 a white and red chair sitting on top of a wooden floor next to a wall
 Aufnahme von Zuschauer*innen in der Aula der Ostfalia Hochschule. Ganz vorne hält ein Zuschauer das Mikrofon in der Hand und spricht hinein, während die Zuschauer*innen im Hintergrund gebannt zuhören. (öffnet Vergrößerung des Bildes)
==
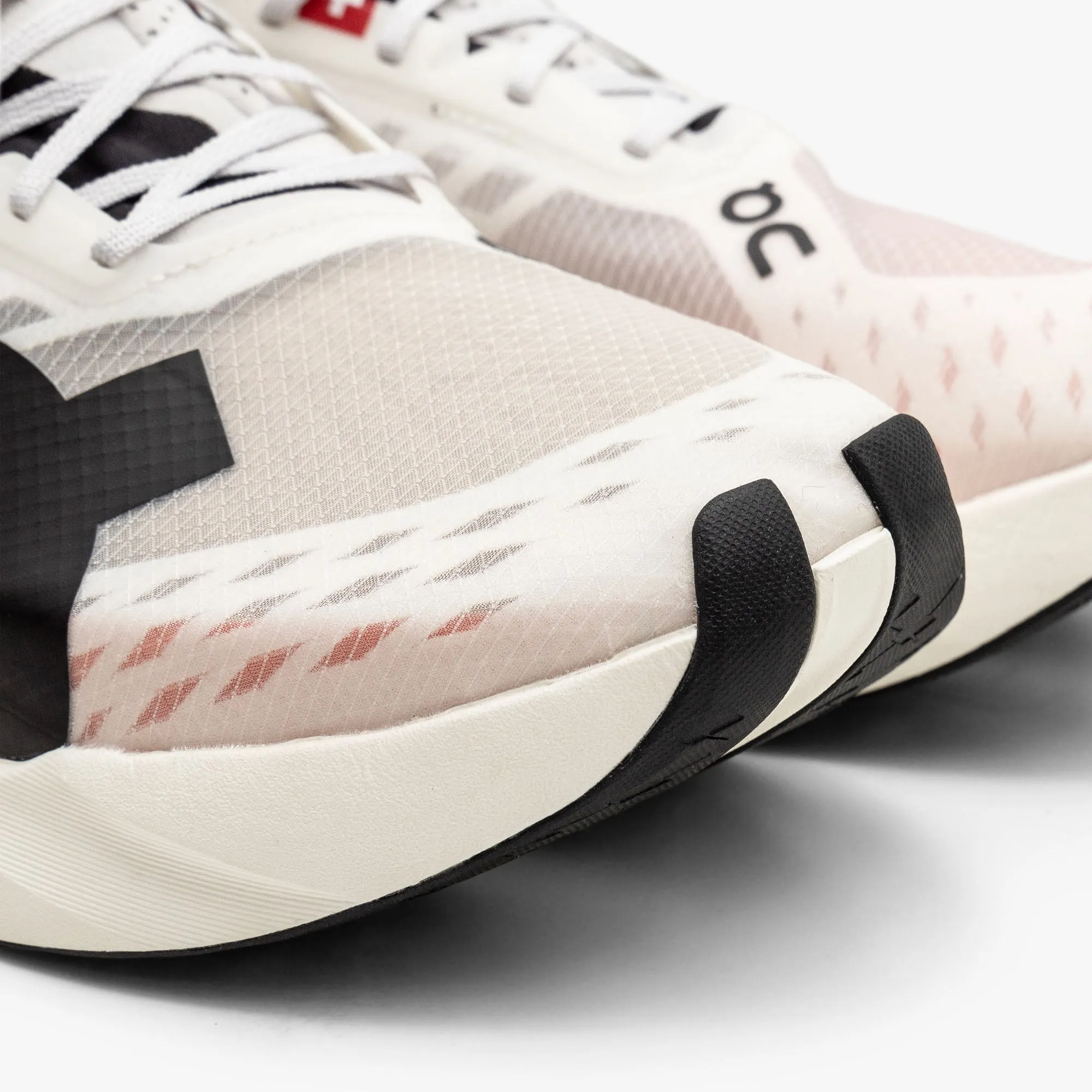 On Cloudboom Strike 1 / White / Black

— WHAT YOU SHOULD DO —
Above this task is a listing. Restate, word for word and with nothing added, the lines from the one with "a white and" through the one with "Aufnahme von Zuschauer*innen".

— TASK RESPONSE —
 a white and red chair sitting on top of a wooden floor next to a wall
 Aufnahme von Zuschauer*innen in der Aula der Ostfalia Hochschule. Ganz vorne hält ein Zuschauer das Mikrofon in der Hand und spricht hinein, während die Zuschauer*innen im Hintergrund gebannt zuhören. (öffnet Vergrößerung des Bildes)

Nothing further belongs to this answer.